On May 6, the council adopted a negative declaration, a brief legal document assuring that there will be no negative environmental impact. It sometimes takes the place of a full environmental study if a legislative body believes a full study is not warranted.

Apartment owners claim that the negative declaration does not go far enough in putting to rest environmental concerns, but council members and city lawyers say the declaration provides more than ample environmental assurances.

Advertisement

“It was our opinion, and the opinion of the city attorney, that an environmental study wasn’t needed,” said Heilman, who is an attorney. “We decided to submit a negative declaration only because we were overly cautious. We think a negative declaration is more than adequate.”

During a June 13 public hearing, landlords presented testimony by several university professors to buttress their call for an environmental study. Werner Hirsch, an economics professor at UCLA, suggested that the rent law would have an adverse environmental impact and likened it to a “disaster movie in slow motion.”

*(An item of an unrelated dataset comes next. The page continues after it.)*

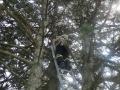 20120731_tierrettung_dreistetten_001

And Stephen L. Jones, an attorney who has represented landlords in Santa Monica, said the mere fact that a dispute exists over the rent law’s environmental impact compels that a study be conducted.

Study Ordered

“If there is a dispute, as a matter of law, you must prepare an environmental impact report and not adopt a negative declaration,” said Jones, who also recently represented a West Hollywood landlady in the first lawsuit against the city’s temporary rent freeze. (A Superior Court judge ruled against the woman, but agreed to let her amend her lawsuit and present it later if she found no other remedy.)

Before the hearing, Jones also pointed out that the Los Angeles City Council, heeding the advice of its city attorneys, ordered an environmental impact study before it adopted its permanent rent control law.

But Rochelle Brown, West Hollywood’s assistant city attorney, disagreed with Jones, saying that “a difference of opinion or political philosophies does not constitute an environmental dispute, but a political dispute.” She said that there must be “substantial evidence of environmental impacts,” adding that she saw no such evidence.

Advertisement

She also said that the California Environmental Quality Act of 1980, which covers the uses of environmental impact studies, “does not even apply to rent control laws.”

Heilman said he came away from the June 13 hearing with “the impression that they’re (landlords) planning to sue.” He likened that effort to a similar attempt last summer by anti-cityhood groups to use a lawsuit to thwart West Hollywood’s incorporation drive. The anti-cityhood lawsuit, which was partially based on the lack of an environmental study and--ironically--also involved Stephen Jones, was denied by a county Superior Court judge.

“They won’t do any better this time,” Heilman said. “They’re grasping at straws.”

After the June 13 hearing, Heilman and council member Helen Albert tried to persuade the council to change a previous decision that would allow landlords to raise rents after apartment vacancies once every two years.

Heilman and Albert moved to increase the limit on vacancy rent increases to once every five years, but Mayor Valerie Terrigno and council members Steve Schulte and Alan Viterbi voted against the change.